There are wondrous stories to be found in everything the eye can see, the ear can hear, and the imagination can dream up. Scenes - the trio of guitarist John Stowell, bassist Jeff Johnson, and drummer John Bishop - has been readily and steadily making that point for more than fifteen years, harnessing natural beauty and concocting chimerical designs that extol the virtues of elasticity, mutability, and high-level communication. The Pacific Northwest knows no greater champion of its beyond-words beauty than this outfit.
Despite its title, Destinations isn't really about reaching endpoints and stopping at specific locales. Instead, it tends to focus on the journey, tracking the ways in which this trio travels and pulling at the fabric of expectations that come with the act itself. It's an absorbing blend of the real and surreal, true to life in a way that only music can be.

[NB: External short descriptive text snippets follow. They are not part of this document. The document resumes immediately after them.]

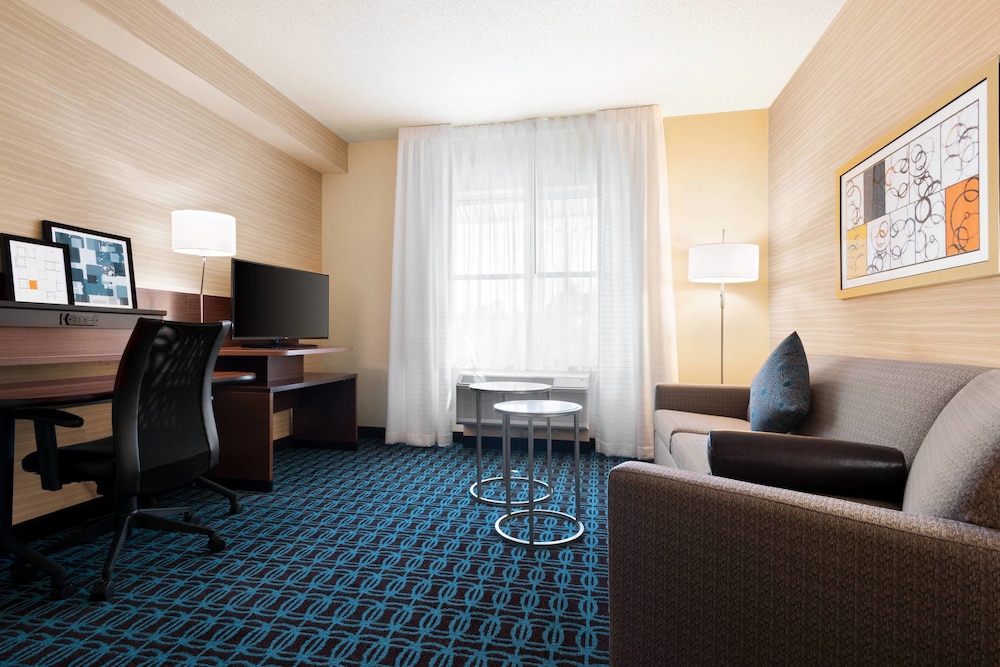 Fairfield Inn & Suites By Marriott Charlottesville Downtown/University Area 23/31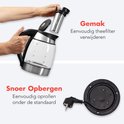 Glazen waterkoker, close-up van het verwijderen van het theefilter en de snoeropbergruimte.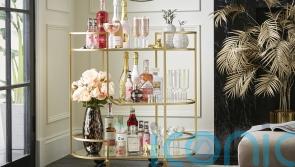 10 glitzy ways to style sleek soirées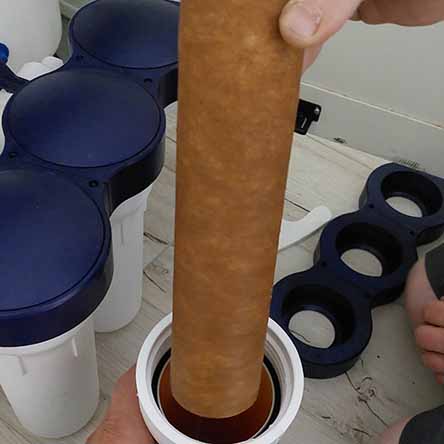 Замена картриджей в фильтре обратного осмоса Ecosoft P'URE с минерализатором в Броварах Киевской области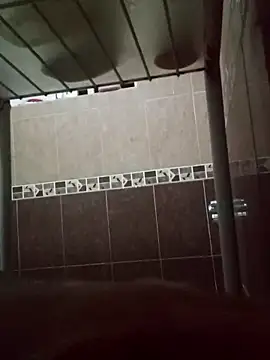 Snapshot of Yles13 chatting on 12-14-25, 12:05 Yles13 online show from 12-14-25, 12:05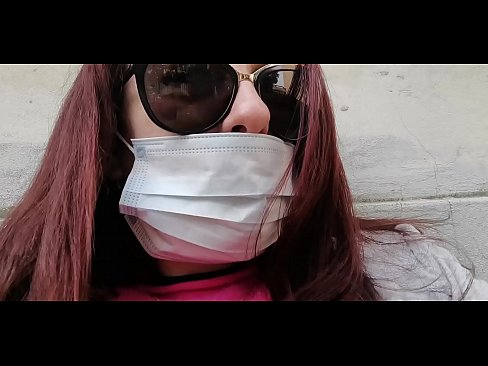 ❤️ Nicoletta hämnas på sin granne och kissar i hans garage (Special Covid19 Italian Quarantine) ❤️❌ Porno at us ﹏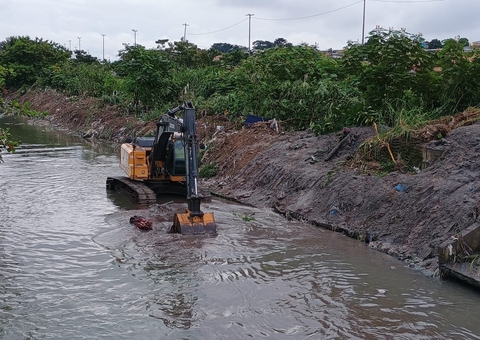 Limpeza é realizada para melhorar escoamento de água no igarapé no Novo Aleixo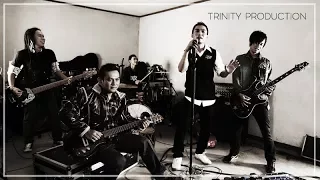 naff seharusnya kita official music video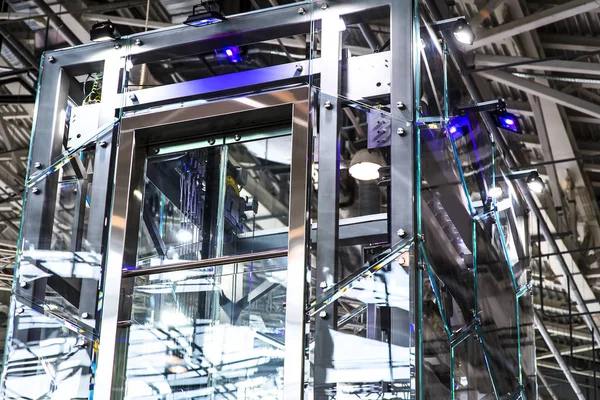 Asansör montaj, modern bir asansör yüklemek Asansör teknisyeni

The conversational manner with which this trio operates, along with the establishment of a relatively even playing field, helps to elevate this trio to great heights. Whether moving in a nebulous realm on Johnson's "T.I.O," taking a classic like "You And The Night And The Music" to school, playing on bubbling grooves and lyricism with Tommy O'Donnell's "Psalm," or powering Miles Davis' "Solar" with a light touch and a fair amount of horsepower, the band manages to open doorways to new worlds.
Each song here is presented not simply as a tune or a structure, but rather as an opportunity for exploration and adjustable expression(s). That's just as clear on a loose-knit floater like Stowell's "Simple Pleasures" as it is on the strolling "Tapioca Time" or the gleefully glimmering, Western-themed "Long Prairie." Nobody is bound by traditional roles here and there are constant developments related to relational statements and depth of field in these pictures and performances. This band gets tighter and looser all at once with each and every album it delivers.